General Assessment in Sustainability (short course)

The most important form of assessment which will take place in the short course is Assessment for Learning (AfL) practices which will take place as an integral part of each lesson as well as via home learning activities. Both will allow the teacher to give regular verbal and / or written feedback on their progress towards achieving the learning outcomes for the course.  Success Criteria linked to the learning intentions can be developed by teacher and students collaboratively to support effective AfL.

One important way that students will know they have succeeded is by the evidence that they have self-organised and carried out action that contributes to a more sustainable world.

Collective Actions

Students will organise and carry out at least two collective actions over the three years of the short course, ideally in a group of no more than 5 (the actions can involve individual work also). The process of researching, developing and carrying out each action should take place over a significant time period (suggested minimum 20 contact hours).

Students will reflect on and submit a piece of evidence from ONE of these collective actions when completing their CBA.

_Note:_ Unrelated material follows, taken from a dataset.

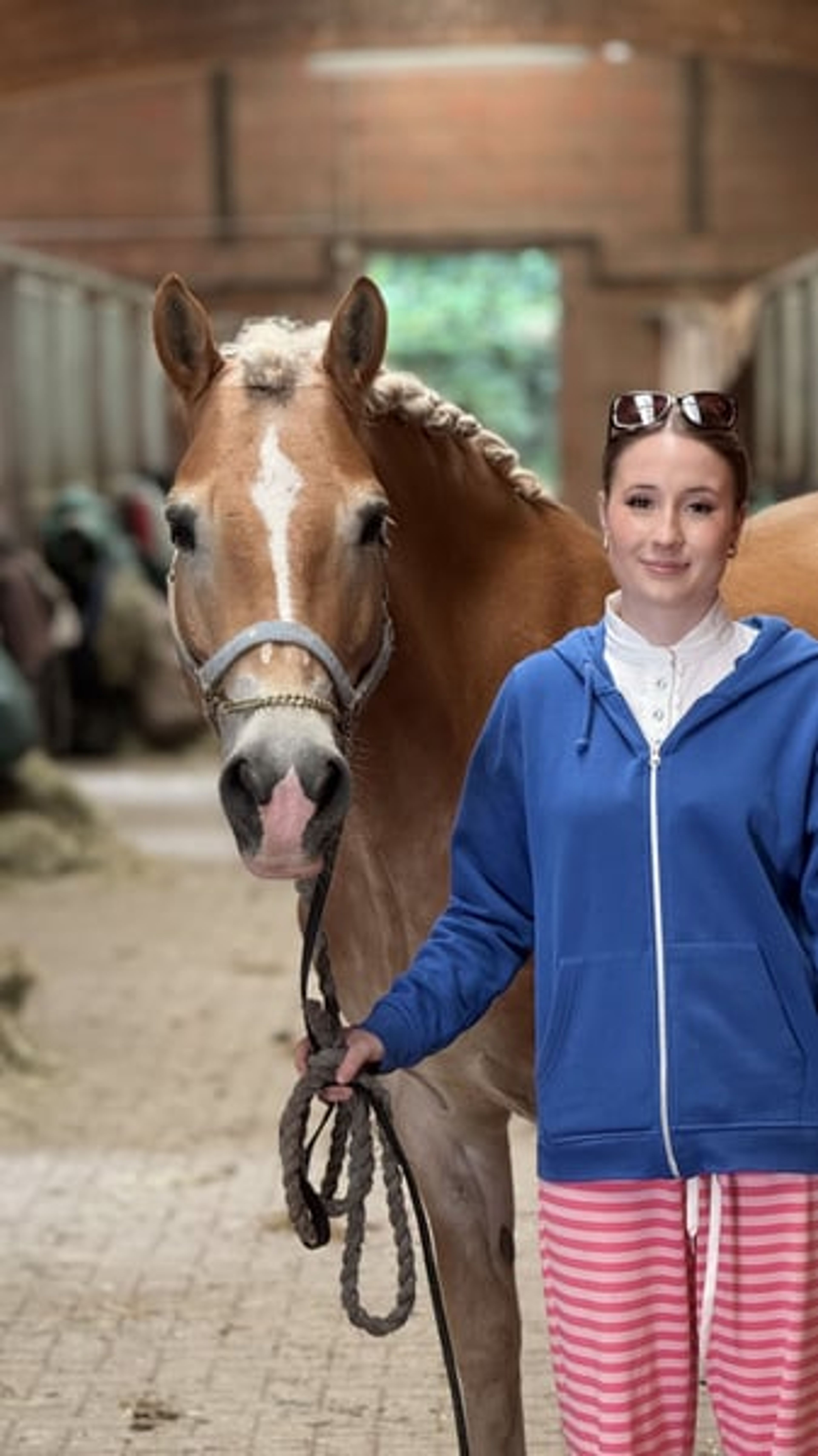 Pretty, talented Haflinger - Image 2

The time for the action (approximately 20 hours) could be structured in different ways depending on the needs of the school.

Examples:

  • as part of a regular timetabled 1 hour per week class spread over an entire school year
  • Cross-circular engagement over 3 weeks and 5 subjects
  • Action week with students off timetable, one day per week for 4 weeks

New action groups should be formed each time allowing students to collaborate with new set of fellow students each year. Features of Quality will allow teachers to assess the development of action skills and knowledge. Students will submit evidence of their incremental development of action skills and their growing sustainability knowledge and values being put into action at 3 learning checkpoints within each year. The timing of these will vary according to the school calendar and term structure.

Example:

Check point 1 (Nov): Students complete a short written / oral learning check that relates to themes explored in previous sessions. They also submit initial evidence of their action process (such as a group agreement, group name, action plan and any steps in the action that have been attempted).

Check point 2 (Feb): Students complete a short written / oral learning check that relates to themes explored in previous sessions. Students select a piece of evidence which best demonstrates the positive impact of their action project and their development of key skills for action.

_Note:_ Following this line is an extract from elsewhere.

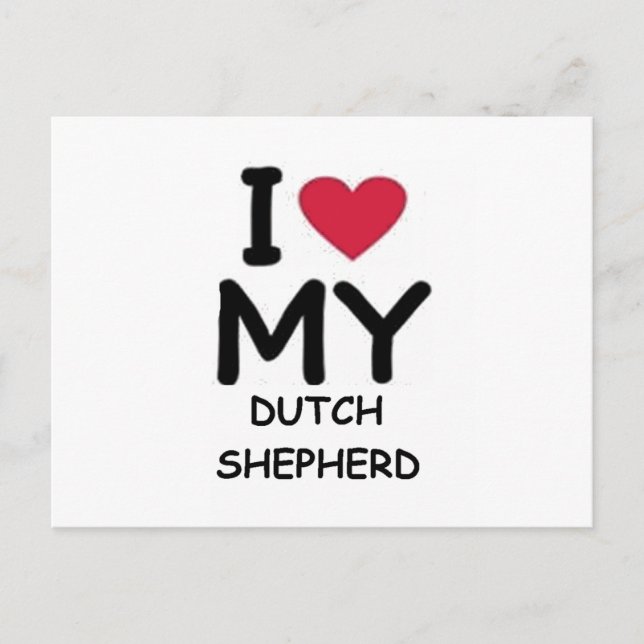 dutch shepherd love postcard (Front)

Check point 3 (April): Students complete a short written learning / oral check that relates to themes explored in previous sessions. Students submit a short personal essay or video or audio file explaining what they have learned about themselves, about others and about sustainability by doing their action. At the time when the class is completing their CBA (which will be either in 2nd or 3rd year), this checkpoint is not required.

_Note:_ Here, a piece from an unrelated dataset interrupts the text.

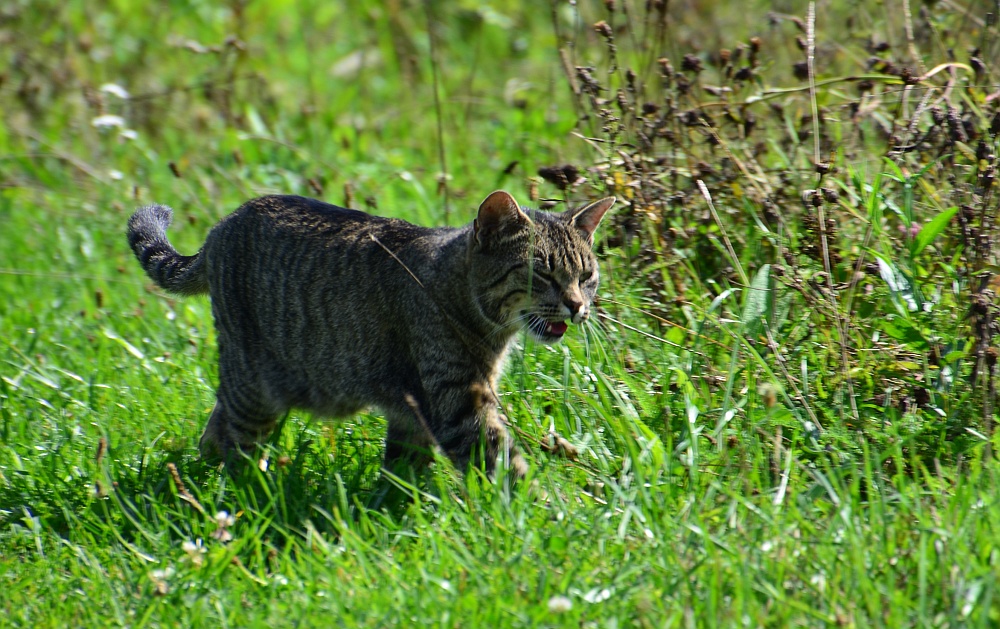 DS7_4605.jpg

The teacher will provide brief written formative feedback on the submission made at each checkpoint, which will give the student a clear understanding of what they can do to make progress in achieving the learning outcomes. The checkpoint structure is designed to avoid overly weighting assessment on the action outcomes rather than the process, which is more important for learning. This structure also seeks to avoid over-assessment that might detract from the purpose of this short course, which is to empower young people to improve their personal wellbeing and the wellbeing of society and the environment.

Reporting to parents at parent’s evenings and in school reports will be based on their progress towards demonstrating the learning outcomes of the course. This course can also provide the opportunity for teachers to discuss with parents how the students’ participation in the course reflects the Junior Cycle wellbeing indicators.